### [EXERCISE]
For each entry that follows, write out an identical copy.

### [RECORD EXCERPTS]
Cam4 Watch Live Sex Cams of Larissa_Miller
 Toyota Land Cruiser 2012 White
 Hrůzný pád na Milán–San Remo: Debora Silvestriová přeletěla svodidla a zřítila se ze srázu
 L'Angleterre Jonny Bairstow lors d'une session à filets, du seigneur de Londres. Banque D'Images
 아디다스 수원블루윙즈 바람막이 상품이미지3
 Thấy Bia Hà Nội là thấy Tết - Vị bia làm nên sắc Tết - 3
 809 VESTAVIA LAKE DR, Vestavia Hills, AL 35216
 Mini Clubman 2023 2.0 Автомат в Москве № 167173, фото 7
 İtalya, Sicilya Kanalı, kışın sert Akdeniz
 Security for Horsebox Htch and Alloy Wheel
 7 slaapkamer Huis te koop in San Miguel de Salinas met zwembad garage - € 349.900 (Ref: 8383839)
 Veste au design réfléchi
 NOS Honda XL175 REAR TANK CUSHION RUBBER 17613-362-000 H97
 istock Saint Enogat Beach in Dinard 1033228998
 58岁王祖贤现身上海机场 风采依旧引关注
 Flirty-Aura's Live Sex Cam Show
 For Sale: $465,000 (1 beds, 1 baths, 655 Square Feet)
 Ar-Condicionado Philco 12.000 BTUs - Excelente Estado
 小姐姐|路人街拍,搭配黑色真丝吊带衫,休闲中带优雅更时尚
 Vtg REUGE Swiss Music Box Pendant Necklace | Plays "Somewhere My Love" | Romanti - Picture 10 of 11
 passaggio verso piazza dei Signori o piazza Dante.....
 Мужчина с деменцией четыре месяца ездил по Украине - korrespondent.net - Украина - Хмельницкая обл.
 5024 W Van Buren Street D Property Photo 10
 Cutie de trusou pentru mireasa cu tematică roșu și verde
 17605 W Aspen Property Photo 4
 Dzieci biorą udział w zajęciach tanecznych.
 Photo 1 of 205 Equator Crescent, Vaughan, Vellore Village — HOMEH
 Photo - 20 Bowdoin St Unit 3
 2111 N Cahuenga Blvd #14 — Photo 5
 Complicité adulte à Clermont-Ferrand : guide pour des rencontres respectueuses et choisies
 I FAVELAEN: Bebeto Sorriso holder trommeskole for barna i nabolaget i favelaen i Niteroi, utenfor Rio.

### [RESULT BELOW]
Cam4 Watch Live Sex Cams of Larissa_Miller
 Toyota Land Cruiser 2012 White
 Hrůzný pád na Milán–San Remo: Debora Silvestriová přeletěla svodidla a zřítila se ze srázu
 L'Angleterre Jonny Bairstow lors d'une session à filets, du seigneur de Londres. Banque D'Images
 아디다스 수원블루윙즈 바람막이 상품이미지3
 Thấy Bia Hà Nội là thấy Tết - Vị bia làm nên sắc Tết - 3
 809 VESTAVIA LAKE DR, Vestavia Hills, AL 35216
 Mini Clubman 2023 2.0 Автомат в Москве № 167173, фото 7
 İtalya, Sicilya Kanalı, kışın sert Akdeniz
 Security for Horsebox Htch and Alloy Wheel
 7 slaapkamer Huis te koop in San Miguel de Salinas met zwembad garage - € 349.900 (Ref: 8383839)
 Veste au design réfléchi
 NOS Honda XL175 REAR TANK CUSHION RUBBER 17613-362-000 H97
 istock Saint Enogat Beach in Dinard 1033228998
 58岁王祖贤现身上海机场 风采依旧引关注
 Flirty-Aura's Live Sex Cam Show
 For Sale: $465,000 (1 beds, 1 baths, 655 Square Feet)
 Ar-Condicionado Philco 12.000 BTUs - Excelente Estado
 小姐姐|路人街拍,搭配黑色真丝吊带衫,休闲中带优雅更时尚
 Vtg REUGE Swiss Music Box Pendant Necklace | Plays "Somewhere My Love" | Romanti - Picture 10 of 11
 passaggio verso piazza dei Signori o piazza Dante.....
 Мужчина с деменцией четыре месяца ездил по Украине - korrespondent.net - Украина - Хмельницкая обл.
 5024 W Van Buren Street D Property Photo 10
 Cutie de trusou pentru mireasa cu tematică roșu și verde
 17605 W Aspen Property Photo 4
 Dzieci biorą udział w zajęciach tanecznych.
 Photo 1 of 205 Equator Crescent, Vaughan, Vellore Village — HOMEH
 Photo - 20 Bowdoin St Unit 3
 2111 N Cahuenga Blvd #14 — Photo 5
 Complicité adulte à Clermont-Ferrand : guide pour des rencontres respectueuses et choisies
 I FAVELAEN: Bebeto Sorriso holder trommeskole for barna i nabolaget i favelaen i Niteroi, utenfor Rio.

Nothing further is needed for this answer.